Despite the continuing decline in the volume of beer available for consumption, beer available with an alcohol content of more than five per cent continues to show strong growth. Between the June 1998 and 1999 years, the volume of beer available with an alcohol content of more than 5 per cent almost doubled, however, this category only represents around 3 per cent of total beer.
The total volume of wine available for consumption in the year ended June 1999 was 64.8 million litres, up 1.1 per cent compared to the same period in 1998. The increase was due to a 1.5 per cent rise in the volume of table wine available. There was a partially offsetting decrease in fortified wine. Wine consumption has been growing steadily over the past ten years.

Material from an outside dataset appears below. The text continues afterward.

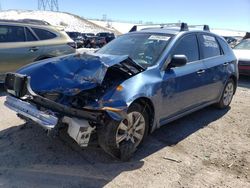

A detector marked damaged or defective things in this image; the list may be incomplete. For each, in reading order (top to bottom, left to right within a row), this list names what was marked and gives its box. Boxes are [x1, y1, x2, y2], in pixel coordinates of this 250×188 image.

front end damage [3, 53, 145, 147]
crumpled hood [17, 52, 143, 95]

The volume of spirits available for consumption declined by 9.8 per cent between the year ended June 1998 and the year ended June 1999. Over the same period, the volume of spirit-based drinks available for consumption rose 22.2 per cent, however, there are signs that demand may have peaked. During the June 1999 quarter, spirit-based drinks available were down 5.1 per cent compared with the June 1998 quarter. This follows a 0.4 per cent decrease between the March 1998 and 1999 quarters.